As with any competition, there are winners…and losers. Midterm season 2022 was that one family member or close friend that came for a visit that seemed to never end. You knew the visit had an expiration date, but in the days leading up to it, you were literally pulling your hair out from the tension and stress. On this quiet Monday evening, almost 23 hours before the official first election results are known, I am reflective. Contemplative. I am not one that throws a lot of weight behind what the polls are revealing. I am a realist with a smidgeon of optimism. I think that by the time you the reader enjoy my pre-election day musings, Ron DeSantis will be re-elected governor of this great sunshiny state, and Marco Rubio will go back to Washington as senator. That’s unfortunate to predict. But that is how the cookie crumbles as my Mom used to say. I would have loved to see Val Demings in that senatorial position.

To even write this on the eve of the midterms gives me chills. Makes me sad, yet, as I mentioned before, I’m reflective. There was something that Demings mentioned in her debate with Marco Rubio a few weeks back that pretty much sums up the Midterm election season of 2022: “I am really disappointed in you because I think there was a time when you did not lie in order to win."

I am not naïve enough to believe that politicking and political campaigns are not fraught with embellishments and white lies.
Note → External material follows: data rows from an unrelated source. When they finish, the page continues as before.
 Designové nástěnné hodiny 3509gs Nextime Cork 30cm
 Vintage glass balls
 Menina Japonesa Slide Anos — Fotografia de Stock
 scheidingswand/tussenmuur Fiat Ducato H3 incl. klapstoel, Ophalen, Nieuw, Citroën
This is a competition to appeal to the sensibilities of voters and the methods in which politicians use to get a check in the likability column can be eyebrow raising, questionable, and occasionally unethical.

Yet we have learned from four years of Donald Trump that unethical ain’t all that bad where it comes to solidifying votes and getting what you want. The Trumpublican MAGA playbook has many pages to peruse and on each of those pages are the words lie and fear because let’s face it, that is how the former Republican party operated before it dissolved into the arm of Donald Trump. Trump-like minions ran a campaign across America during the midterm season serving up lies and fears which were the meat and potatoes of each candidate.
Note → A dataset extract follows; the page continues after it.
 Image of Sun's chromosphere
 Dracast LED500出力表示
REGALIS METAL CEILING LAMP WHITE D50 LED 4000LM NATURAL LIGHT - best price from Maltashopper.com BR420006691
Am I surprised DeSantis won a second term? Not really. Charlie Crist, in my opinion, was not the optimum candidate, but who else did the Florida Democratic Party have strong enough to run a competitive race against DeSantis? However, on that note, I believe that Charlie Crist ran a solid campaign and I supported his platform.

What I loved about Midterm season 2022 was Barack Hussein Obama. When he told Milwaukee voters that it was good to be back in their city, I was thinking to myself, “It’s good to see you back, Barack.” I am sure I am not the only one who fell in love all over again with Barack. I am certain I was not alone in secretly wishing that he was on the ballot somewhere. That is idealistic thinking. Barack Obama has always been a fantastic speaker, a powerful orator. Maybe that is why I was sold on Obama in 2008, and in 2012. I simply enjoyed listening to him, and as he stumped for Democratic candidates, I can only hope that everyone within earshot of his laughter and lilting voice went directly to the polls. I am sure that in the coming weeks, or maybe by the time you read this, the statistics may be available as to how many Americans voted in the midterms. It will be record-breaking. The question is: will it be enough?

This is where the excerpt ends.